In Hillesum’s case something more, something that she didn’t quite understand was happening to her, and she describes in her diary a new desire to kneel. This is significant for her own story, because she describes herself as having been one who would never kneel. But now she felt that the most appropriate response to whatever it was that happening to her was to kneel. She wasn’t sure to whom she was kneeling, yet it was something she was compelled to do. As Williams explains, “she sensed that there was something that had such a claim on her that she had to express with her whole body what that claim is. Actually, the fact that she had been a very sexually active young woman and had thought a great deal about the body, she felt that she had to use her body to express her faith.”

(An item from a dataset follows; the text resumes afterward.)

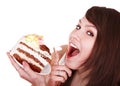 Girl eating piece of cake. Royalty Free Stock Photo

Hillesum reads from her own Jewish tradition and from the Christian tradition, and she senses increasingly that something or someone has a claim on her life. After her arrest and while waiting to be deported, she writes that she has come to realize that in this world someone has to take responsibility for God. “That is, someone in the middle of the horrors of the Gestapo destruction in Holland-somebody has to live as thought the Gestapo was not controlling the universe. Somebody has to live as though things are just different, and she says that someone unfortunately seems to be me” (rough quote of Williams’ commentary). So Hillesum becomes burdened with the idea of taking responsibility for God-that is, living in such a way that God becomes credible. And that is precisely how she lived in the deportation camp and at Auschwitz. In some of her last diary pages which were crumpled up and thrown out of the train, she writes, “and we left the camp singing.” Williams’ then highlights the notion of “making oneself a sign of God in a godless world.” Then he adds, “you can see that that is about your body, not just about what you say but putting your whole self on the line, as when you kneel down you are expressing a wholeness in response to God.” Thus, even in the midst of something as horrible as Auschwitz, one can by becoming a sign of God “make God real.” This recalls what Williams said in his first lecture about Nyssa and prayer and reconciliation. It also sits well with the 17th century idea of “landing where you are” (discussed in his second lecture). Williams sees Etty Hillesum as “a powerful and unconventional 20th century version” of just such a landing. Sadly, she died at the very young age of 27 at Auschwitz. Like Weil, Hillesum was never baptized and no one is quite sure where she stood at the end of her life with regard to the Christian faith. Nonetheless, in the last years of her life, she lived the Gospel in a way that would perhaps put most modern, Western Christians to shame. Interestingly, among the people whom she met at Westerbork, which was the holding camp which people were sent before being shipped to Auschwitz, were two Jewish, Carmelite nuns both members of St. Theresa’s reformed Carmelite order. One of these nuns was the great Edith Stein, who was of course one of the greatest Catholic thinkers of the twentieth century. Stein also died in Auschwitz because she refused to separate herself as a Catholic from her Jewish brothers and sisters.
These are Williams’ “outsiders,” all of which, as he says, are “challenging, quirky, strange figures.” Before transitioning to discuss the monks, Williams ends with a great line and an image that has made me smile for several days: “I sometimes fantasize about that particular corner in heaven where 20th century, Jewish, women philosophers get together. Simone Weil, Etty Hillesum, Edith Stein, Gillian Rose, Rosa Luxemburg, and Hannah Arendt. And my goodness that would be a hard place to eavesdrop.”